Action itself...then needs to be reconceived. Action is not so much a response to an input as a neat and efficient way of selecting the next “input”, and thereby driving a rolling cycle. These hyperactive systems are constantly predicting their own upcoming states, and actively moving so as to bring some of them into being. We thus act so as to bring forth the evolving streams of sensory information that keep us viable (keeping us fed, warm, and watered) and that serve our increasingly recondite ends. PP thus implements a comprehensive reversal of the traditional (bottom-up, forward-flowing) schema. The largest contributor to ongoing neural response, if PP is correct, is the ceaseless anticipatory buzz of downwards-flowing neural prediction that drives both perception and action. Incoming sensory information is just one further factor perturbing those restless pro-active seas. Within those seas, percepts and actions emerge via a recurrent cascade of sub-personal predictions forged from unconscious expectations spanning multiple spatial and temporal scales.

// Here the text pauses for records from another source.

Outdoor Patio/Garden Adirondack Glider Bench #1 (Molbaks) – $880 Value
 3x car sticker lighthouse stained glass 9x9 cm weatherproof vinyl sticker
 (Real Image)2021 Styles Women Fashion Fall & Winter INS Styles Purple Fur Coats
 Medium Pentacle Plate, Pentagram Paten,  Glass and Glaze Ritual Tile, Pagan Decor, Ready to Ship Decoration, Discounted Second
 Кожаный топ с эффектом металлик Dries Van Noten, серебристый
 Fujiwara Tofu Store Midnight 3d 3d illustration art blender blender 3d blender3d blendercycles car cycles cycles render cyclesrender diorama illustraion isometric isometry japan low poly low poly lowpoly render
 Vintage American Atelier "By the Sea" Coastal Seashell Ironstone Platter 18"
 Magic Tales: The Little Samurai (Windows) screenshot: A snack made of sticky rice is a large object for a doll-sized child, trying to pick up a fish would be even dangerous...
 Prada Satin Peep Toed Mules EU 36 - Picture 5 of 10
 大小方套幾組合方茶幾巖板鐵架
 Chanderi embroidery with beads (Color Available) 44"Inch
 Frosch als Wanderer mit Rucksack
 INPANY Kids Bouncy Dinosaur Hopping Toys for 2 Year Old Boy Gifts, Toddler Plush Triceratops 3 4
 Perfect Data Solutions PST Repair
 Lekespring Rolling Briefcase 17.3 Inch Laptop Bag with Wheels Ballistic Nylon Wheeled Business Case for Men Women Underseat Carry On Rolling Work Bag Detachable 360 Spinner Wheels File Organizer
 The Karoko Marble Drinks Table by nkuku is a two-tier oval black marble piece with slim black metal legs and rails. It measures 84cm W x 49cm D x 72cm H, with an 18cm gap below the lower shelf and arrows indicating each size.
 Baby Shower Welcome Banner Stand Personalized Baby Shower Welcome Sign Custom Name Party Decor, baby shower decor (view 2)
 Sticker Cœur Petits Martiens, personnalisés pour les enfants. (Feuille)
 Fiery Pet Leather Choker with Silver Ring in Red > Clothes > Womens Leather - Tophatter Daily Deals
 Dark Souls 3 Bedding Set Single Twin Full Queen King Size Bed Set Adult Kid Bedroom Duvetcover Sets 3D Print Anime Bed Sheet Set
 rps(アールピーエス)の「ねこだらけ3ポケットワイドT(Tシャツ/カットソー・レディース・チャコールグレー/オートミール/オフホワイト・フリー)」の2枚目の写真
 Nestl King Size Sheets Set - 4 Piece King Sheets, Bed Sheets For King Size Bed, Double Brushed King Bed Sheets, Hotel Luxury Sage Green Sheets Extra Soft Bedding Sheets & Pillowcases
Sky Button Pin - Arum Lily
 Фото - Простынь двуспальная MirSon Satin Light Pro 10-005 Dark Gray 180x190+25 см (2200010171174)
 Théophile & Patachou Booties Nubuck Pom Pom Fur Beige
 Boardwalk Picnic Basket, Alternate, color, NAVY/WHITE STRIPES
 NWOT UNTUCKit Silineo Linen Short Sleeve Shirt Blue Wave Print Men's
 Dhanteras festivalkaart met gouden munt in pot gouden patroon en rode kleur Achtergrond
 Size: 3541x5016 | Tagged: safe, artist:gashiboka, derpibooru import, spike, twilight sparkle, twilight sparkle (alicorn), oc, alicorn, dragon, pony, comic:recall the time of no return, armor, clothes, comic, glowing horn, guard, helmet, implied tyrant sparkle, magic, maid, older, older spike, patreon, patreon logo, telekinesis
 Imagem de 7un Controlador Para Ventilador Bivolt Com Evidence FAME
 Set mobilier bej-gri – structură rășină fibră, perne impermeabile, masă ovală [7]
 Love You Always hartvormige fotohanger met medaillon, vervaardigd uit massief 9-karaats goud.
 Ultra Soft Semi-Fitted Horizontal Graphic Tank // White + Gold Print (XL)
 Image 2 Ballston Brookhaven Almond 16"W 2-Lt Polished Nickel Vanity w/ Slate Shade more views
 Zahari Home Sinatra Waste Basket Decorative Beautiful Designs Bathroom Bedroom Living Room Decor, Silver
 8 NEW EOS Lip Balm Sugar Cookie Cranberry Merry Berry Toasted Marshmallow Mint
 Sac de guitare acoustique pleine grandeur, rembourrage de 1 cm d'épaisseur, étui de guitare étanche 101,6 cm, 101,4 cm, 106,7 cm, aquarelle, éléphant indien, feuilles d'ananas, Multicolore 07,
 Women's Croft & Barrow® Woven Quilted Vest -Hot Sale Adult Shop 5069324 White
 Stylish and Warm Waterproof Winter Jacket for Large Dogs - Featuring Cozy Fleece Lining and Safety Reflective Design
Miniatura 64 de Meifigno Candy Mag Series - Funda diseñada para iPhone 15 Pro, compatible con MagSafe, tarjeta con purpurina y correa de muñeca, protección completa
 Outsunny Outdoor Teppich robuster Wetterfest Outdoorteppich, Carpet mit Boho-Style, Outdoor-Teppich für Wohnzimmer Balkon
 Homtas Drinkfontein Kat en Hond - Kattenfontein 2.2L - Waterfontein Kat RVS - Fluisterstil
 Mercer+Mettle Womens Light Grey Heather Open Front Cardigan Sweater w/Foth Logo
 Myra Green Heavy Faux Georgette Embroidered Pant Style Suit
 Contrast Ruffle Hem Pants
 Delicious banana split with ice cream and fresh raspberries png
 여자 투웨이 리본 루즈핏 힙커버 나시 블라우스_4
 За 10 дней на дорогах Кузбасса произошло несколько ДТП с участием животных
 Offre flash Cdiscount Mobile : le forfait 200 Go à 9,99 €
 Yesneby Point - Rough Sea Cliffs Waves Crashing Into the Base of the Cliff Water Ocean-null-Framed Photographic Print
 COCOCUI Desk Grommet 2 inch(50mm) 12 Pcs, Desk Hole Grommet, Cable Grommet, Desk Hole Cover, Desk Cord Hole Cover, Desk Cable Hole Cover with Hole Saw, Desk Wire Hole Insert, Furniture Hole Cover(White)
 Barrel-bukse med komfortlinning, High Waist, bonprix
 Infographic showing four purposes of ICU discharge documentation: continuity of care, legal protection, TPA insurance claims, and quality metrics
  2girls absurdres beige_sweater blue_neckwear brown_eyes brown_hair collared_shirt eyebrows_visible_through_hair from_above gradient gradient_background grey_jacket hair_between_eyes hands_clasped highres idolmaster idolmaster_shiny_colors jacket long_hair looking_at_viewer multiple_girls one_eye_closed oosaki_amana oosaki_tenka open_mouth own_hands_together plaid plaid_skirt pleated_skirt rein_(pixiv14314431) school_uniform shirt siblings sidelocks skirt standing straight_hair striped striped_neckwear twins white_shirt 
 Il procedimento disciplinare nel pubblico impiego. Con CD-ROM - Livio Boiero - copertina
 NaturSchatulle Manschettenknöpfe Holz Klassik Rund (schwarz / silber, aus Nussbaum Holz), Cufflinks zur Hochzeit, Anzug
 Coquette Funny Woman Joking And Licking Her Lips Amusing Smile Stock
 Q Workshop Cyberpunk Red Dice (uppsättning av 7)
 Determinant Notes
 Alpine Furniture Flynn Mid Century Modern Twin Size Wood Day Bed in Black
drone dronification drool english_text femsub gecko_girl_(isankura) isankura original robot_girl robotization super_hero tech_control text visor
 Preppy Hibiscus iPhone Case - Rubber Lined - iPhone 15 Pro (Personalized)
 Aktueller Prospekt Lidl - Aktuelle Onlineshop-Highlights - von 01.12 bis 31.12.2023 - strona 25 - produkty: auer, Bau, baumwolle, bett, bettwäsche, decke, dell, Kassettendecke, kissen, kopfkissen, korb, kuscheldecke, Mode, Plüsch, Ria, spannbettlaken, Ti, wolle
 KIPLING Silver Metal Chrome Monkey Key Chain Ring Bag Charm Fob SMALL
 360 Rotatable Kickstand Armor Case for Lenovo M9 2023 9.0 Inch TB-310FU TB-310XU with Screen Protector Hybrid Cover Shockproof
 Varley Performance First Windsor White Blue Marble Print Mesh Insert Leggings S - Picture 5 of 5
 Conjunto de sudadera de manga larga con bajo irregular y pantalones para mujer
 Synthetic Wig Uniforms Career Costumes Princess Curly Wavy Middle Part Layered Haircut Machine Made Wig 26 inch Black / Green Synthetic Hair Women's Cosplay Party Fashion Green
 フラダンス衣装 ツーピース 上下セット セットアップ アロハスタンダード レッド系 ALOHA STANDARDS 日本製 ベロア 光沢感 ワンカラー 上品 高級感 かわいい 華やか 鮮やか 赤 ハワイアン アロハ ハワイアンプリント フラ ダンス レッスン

Conceptually, this implies a striking reversal, in that the driving sensory signal is really just providing corrective feedback on the emerging top-down predictions. As ever-active prediction engines, these kinds of minds are not, fundamentally, in the business of solving puzzles given to them as inputs. Rather, they are in the business of keeping us one step ahead of the game, poised to act and actively eliciting the sensory flows that keep us viable and fulfilled. If this is on track, then just about every aspect of the passive forward-flowing model is false. We are not passive cognitive couch potatoes so much as proactive predictavores, forever trying to stay one step ahead of the incoming waves of sensory stimulation.
Conclusion: Towards a mature science of the embodied mind
By self-organizing around prediction error, and by learning a generative rather than a merely discriminative (i.e., pattern-classifying) model, these approaches realize many of the goals of previous work in artificial neural networks, robotics, dynamical systems theory, and classical cognitive science. They self-organize around prediction error signals, perform unsupervised learning using a multi-level architecture, and acquire a satisfying grip—courtesy of the problem decompositions enabled by their hierarchical form—upon structural relations within a domain. They do this, moreover, in ways that are firmly grounded in the patterns of sensorimotor experience that structure learning, using continuous, non-linguaform, inner encodings (probability density functions and probabilistic inference). Precision-based restructuring of patterns of effective connectivity then allow us to nest simplicity within complexity, and to make as much (or as little) use of body and world as task and context dictate.
This is encouraging. It might even be that models in this broad ballpark offer us a first glimpse of the shape of a fundamental and unified science of the embodied mind.